Definitivamente sulla questione cruciale poi, quella dell’Errore, quella della Viltà, quella della Tirannia,
dunque quella rovina da cui tornare finalmente uscendo dall’obbligo dell’omertà democratica, laica e
antifascista, quella del rito torinese dove lui, senatore a vita, padre della patria, ne incarnava il crisma, il
suggello, l’onnipotenza etica.
La grandezza di un uomo
Non c’era solo l’eufemistico risvolto di copertina della sua bellissima autobiografia (Laterza), non
dunque “I temi e le angosce, le contraddizioni e il senso del Novecento”, c’era la grandezza di un uomo
davanti all’orrido di una finzione troppo a lungo ciancicata tra gli sghignazzi dei suoi falsissimi devoti
e le recriminazioni degli sconfitti, doverose forse, ma troppo rancorose per rendere giustizia a un
protagonista come Bobbio. C’erano quindi i trattini, pronunciati con la scansione ritmica e coraggiosa
del crescendo. Come a voler dire che il suo fascismo di giovane accademico – ormai solo perché i suoi
compagni prendevano la via del carcere, quella dell’esilio, quella della persecuzione – era appunto
quell’Errore, quella Viltà, quella Tirannia che lo trascinava lungo i confini della Repubblica sociale a
fare il suo lavoro di intellettuale con vergogna, per vergognarsene in silenzio dopo, quando la patria
repubblicana lo avrebbe additato tra i massimi esempi di civismo, costringendolo all’omertà della
comoda magniloquenza, quasi al ridicolo.
E invece no, di Norberto Bobbio che è stato tra i massimi militanti della democrazia, resterà anche la
scomoda magniloquenza dei trattini. Autore di “Profilo ideologico del Novecento”, autore di un libro
dove il profilo del Novecento viene adattato alle necessità ideologiche, quindi un profilo censorio,
monco, privo di quelle voci che hanno fatto il frastuono della stagione italiana, nella scomodità di quel
pomeriggio ripercorre anche il filo di pietà e omaggio a Giovanni Gentile, il filosofo ucciso e poi
cancellato nel catalogo comodo e magniloquente dell’Italia intransigente.

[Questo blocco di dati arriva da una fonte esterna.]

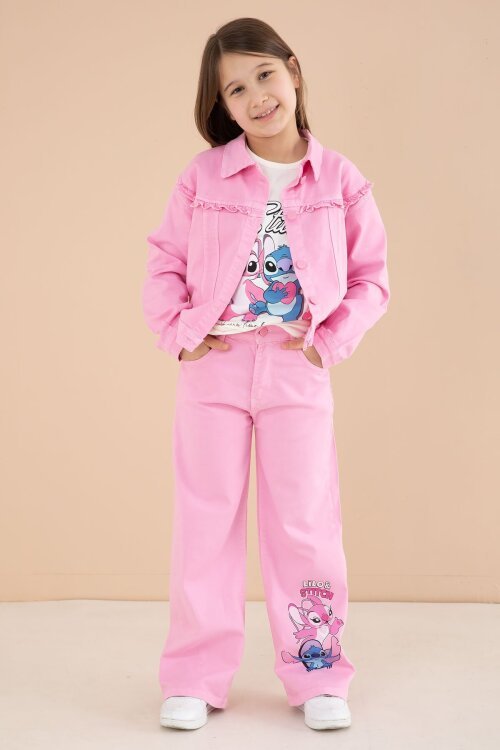 Pembe Sevimli Karakter Baskılı Ceketli ve Pantolonlu 3lü Kız Çocuk Takım 23585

Quel pomeriggio di novembre, mercoledì, faceva impressione il disegno di Guttuso appeso al muro,
tutta la comitiva dei Cesare Luporini, degli Aldo Capitini, degli Umberto Morra e dei Guido Calogero.
Sembrava la certificazione di comprovata adesione all’elenco dei “candidati indipendenti di sinistra”.
Sembrava incorniciato tra i trattini.